Después de peinar su peluca rubia y platinada, después de colocar sus portaligas de medias caladas y sus guantes de seda que le llegan hasta el codo, después de agradecer a Iemanjá por su protección de madre, decide dar su paso triunfal de reina: llama un taxi. La luz del comedor sigue en la misma. Se jura nuevamente, por enésima vez, comprar una buena lamparilla. Al salir, el pampero parecía no tan gélido y tan fuerte. Fuma su Nevada en la puerta hasta que el auto viene y hace señas.

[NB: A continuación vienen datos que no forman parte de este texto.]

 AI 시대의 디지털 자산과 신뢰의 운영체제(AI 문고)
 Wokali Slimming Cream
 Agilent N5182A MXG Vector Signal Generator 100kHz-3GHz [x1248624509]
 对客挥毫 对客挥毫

Llegó al boliche, vio que había bastante gente. Incluso reconoció a alguno que otro de sus clientes. Bajó del taxi. La banda ya había empezado la segunda y última tanda de su actuación. Se acercó a la cantina y pidió su cerveza. Dos muchachos le buscaron conversación. Parecían no ser de acá. Efectivamente, son de Castillos. Aceptan el trato: para después del toque se juntan, van a un lugar que ella conoce, no hacen problema si en vez de pareja entran de a tres o cuatro.

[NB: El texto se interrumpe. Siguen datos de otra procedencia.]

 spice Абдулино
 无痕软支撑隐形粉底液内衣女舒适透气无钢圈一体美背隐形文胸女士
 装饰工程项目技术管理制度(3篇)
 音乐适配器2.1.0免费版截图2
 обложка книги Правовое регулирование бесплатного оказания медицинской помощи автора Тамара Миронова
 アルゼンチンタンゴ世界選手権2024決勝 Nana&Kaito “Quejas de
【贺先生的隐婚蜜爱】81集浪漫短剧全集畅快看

En un momento, Los Cortafierros anuncian la secuencia de covers que todos conocen. Si ya el clima venía en clave dionisíaca, en esta se arma un pogo de proporciones gigantescas. Vuelan los borcegos, las carcajadas, un par de brazos descoyuntados, el chorro de alguna lata. Anuncian la última canción: “Fiesta”, de Raffaella Carrà, con una participación especial. Y en un programado apagón de luces, se percibe una silueta nueva tras el micrófono. Al encenderse, el estallido del público: Jessica Moreno, en todo su esplendor de un metro ochenta y cinco, sus piernas torneadas y el fin del portaligas que el tajo del vestido evidencia al menor movimiento.

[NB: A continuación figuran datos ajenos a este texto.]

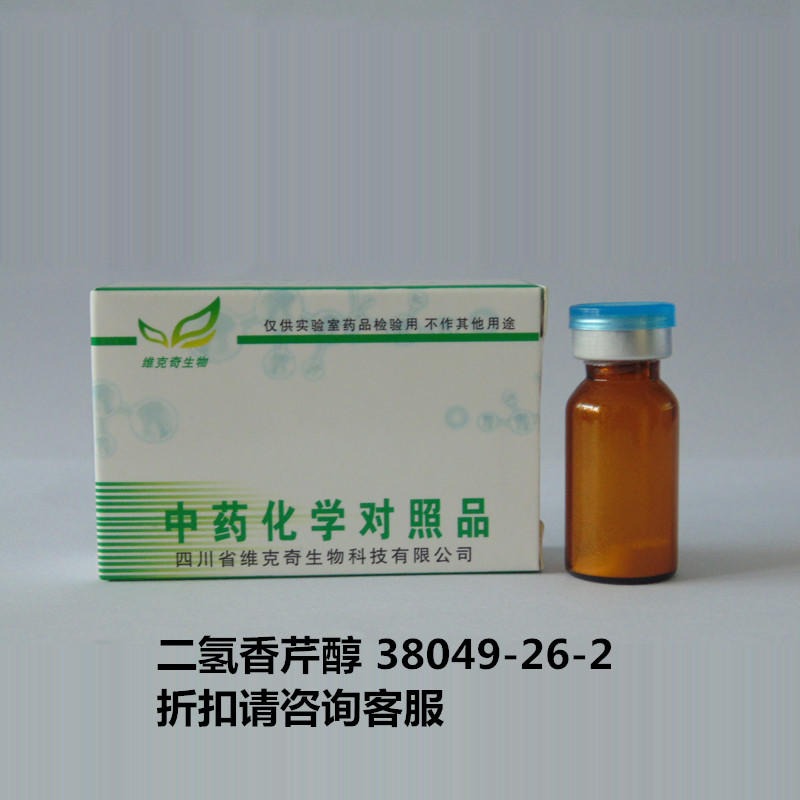 二氢香芹醇  Dihydrocarveol 38049-26-2 实验室自制标准品 维克奇 对照品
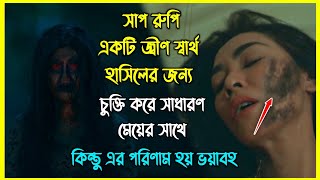 ইচ্ছাধারী সাপ রুপি একটি জ্বীন চুক্তি করে এক সাধারণ মেয়ের সাথে কিন্তু এর পরিণাম হয় ভয়াবহ [upl. by Suivatal]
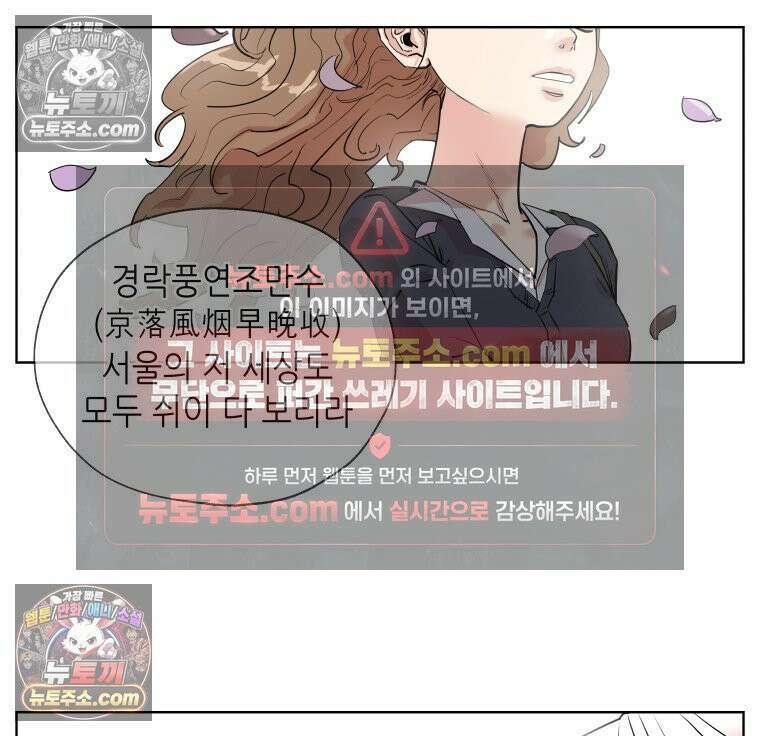 서울기담 민원처리과 4화． 이사 시켜 달라고! (3) 9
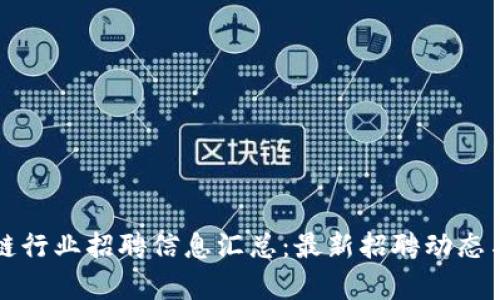福州区块链行业招聘信息汇总：最新招聘动态与岗位分析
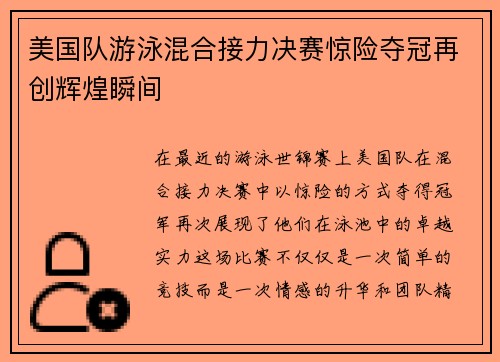 美国队游泳混合接力决赛惊险夺冠再创辉煌瞬间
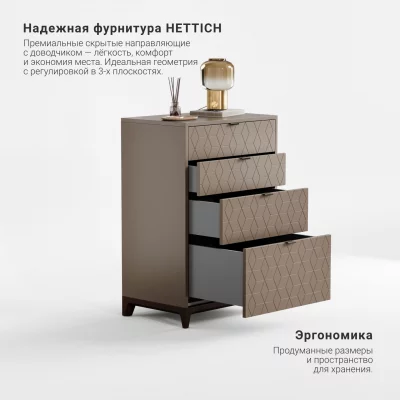 Высокий комод Case CS020 3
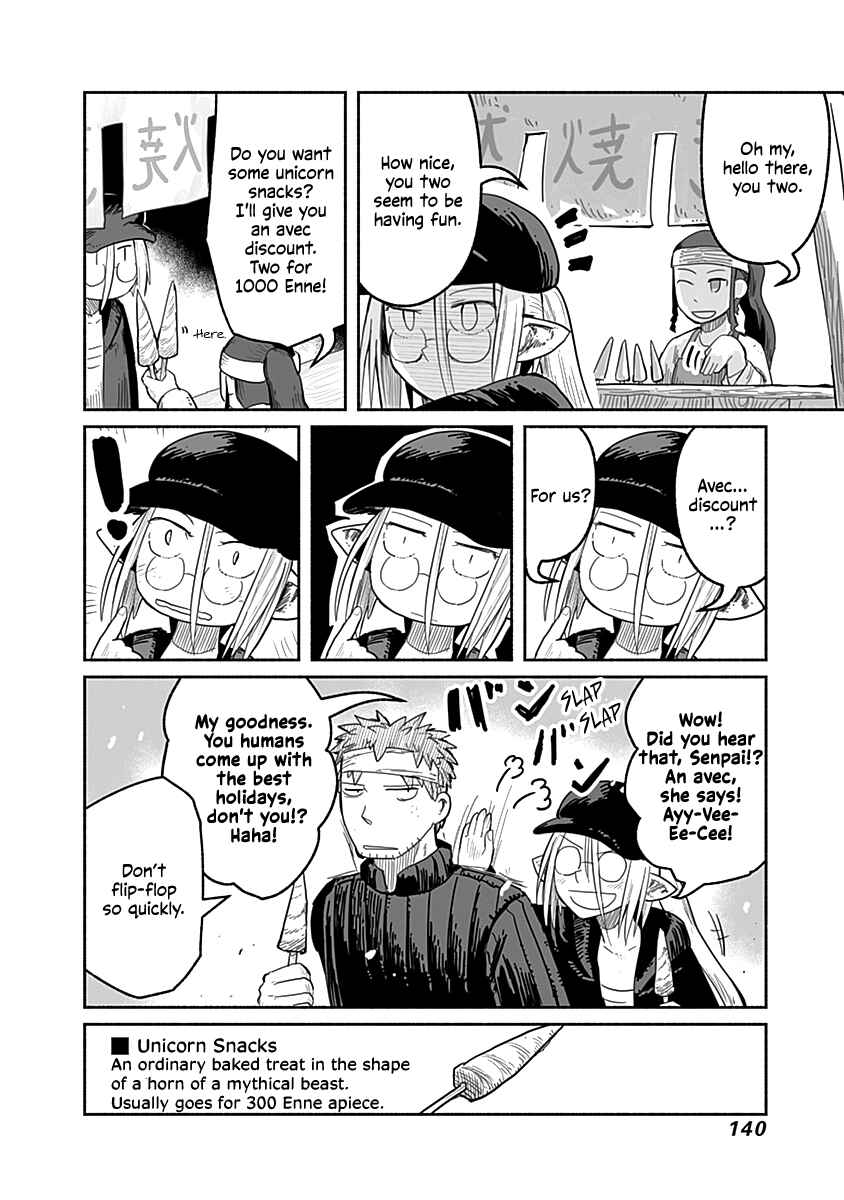 Page 11 Chapter 51 Ryuu to Yuusha to Haitatsunin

La boca, perfectamente pintada, rojísima, sabe de un modo u otro que desde esta noche cambiará su vida y que ya no querrá ser la abandonada. Por lo menos de la estrella fugaz de un tablado sobre cajones de bebida, ni del amor de su Iemanjá ni del olor dulce del barro y la madera saliendo del horno bajo el chapón, la serranía.